The mistake however is that even though it isn't practical to make theoretical guarantees that the filesystem won't end up full and broken, it is very possible to make such a thing only happen in exceeding unlikely cases. One runaway dd isn't that...

2 comments

>it is very possible to make such a thing only happen in exceeding unlikely cases. One runaway dd isn't that...

It's not dd, it's one process run by root who fills the filesystem with one big file. That's like the first thing i would test if it can destroy my filesystem.

It's really the filesystem responsibility, if it needs to reserve 30% so be it, if it need's more because i wrote billions of files so be it, (even if it says "sorry i told you i have 50GB free but because you wrote so many small files it's now just 45GB" after all they just can make a estimation) so be it. But it's the filesystem job to tell me how much ~free space that i have, and stop writing before it really/internally cant take anymore. And NOT to kill itself because i alloc 100% of it, there's is just no excuse. That's the filesystem's responsibility.

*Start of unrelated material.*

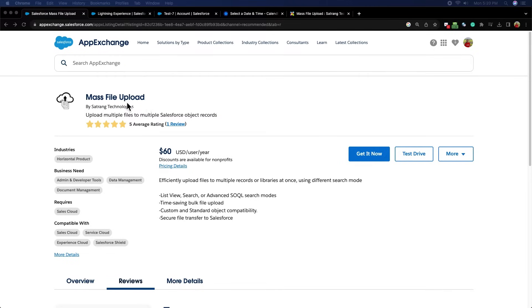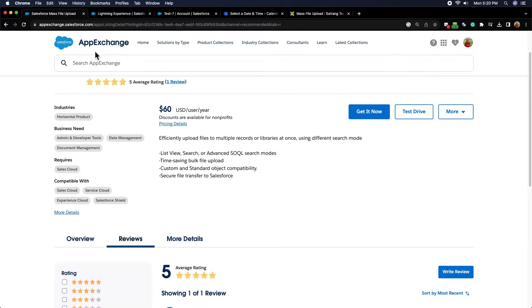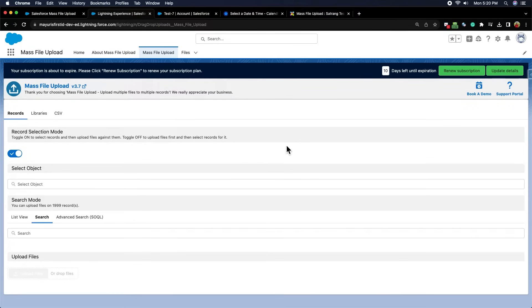Welcome to Seitrang's Mass File Upload app, which is very useful for uploading multiple files on multiple Salesforce records in one go. You can download this app from AppExchange. Once the app is installed, it is ready to use.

PS: The clever ZFS survives that "unlikely" test easily.

Why can't they? For example, Btrfs reserves some storage for it's internal use which should be more than enough to update the journal to fix a full filesystem.
Calculating exactly how much you need to reserve for the worst case is a near-impossible task.

For example, say you try to delete a file, which is part of one of multiple identical snapshots, so deleting the file doesn't free up any space, but does require extra metadata to be written (since a new directory entry will be needed that shows the file is deleted in this snapshot only).

The same operation could be done for millions of files, eating up all the reserved space. End result: full disk and unusable filesystem, even for deletes.

The alternative is not to allow file deletes to use reserved space. But now when you have a full disk, some things become 'undeletable', since the only way to free space is to delete all copies of the file, but it isn't permitted to delete any one copy of the file since the intermediate state would use more disk space.

What is supposed to happen is the metadata commit fails due to enospc before the super block update. Thus the current super points to the current value working tree roots, not the partial/failed tree roots.

Btrfs won't issue the writes for super block update until the device says the current metadata transaction is successfully on stable media.

It is possible the filesystem is completely consistent (can be mounted, btrfsck finds no error), and yet not bootable due to the interruption of updates. Software updates are one transaction in user space but not atomic unless expressly designed for it. From the fs point of view, a software update might be broken up into dozens of fs transactions.

It's also possible the device lies about writes being on stable media. If the fs writes some metadata, does flush/FUA, then super block write, and flash/FUA, the device should only write the super block after the prior write is on stable media. If it says the first flush succeeded but that write is still happening, and the super block write goes to stable media before all the metadata writes get to stable media and there's a crash or power failure, then you can in fact have a broken filesystem. The super points to tree roots that don't exist. This is definitely a device flaw not an fs flaw.

Btrfs super blocks contain 3 backup roots. So it's possible to revert to an older and hopefully correct metadata generation (seconds to a couple minutes ago). But this has limited recovery potential. It's also completely thwarted right now if you use any discard mount option on an SSD because discard will ask the device to garbage collect recently freed metadata blocks. So the backup root trees pointed to by the super may already be zeros when they're needed.

But any need for backup roots already means some kind of device (firmware) flaw.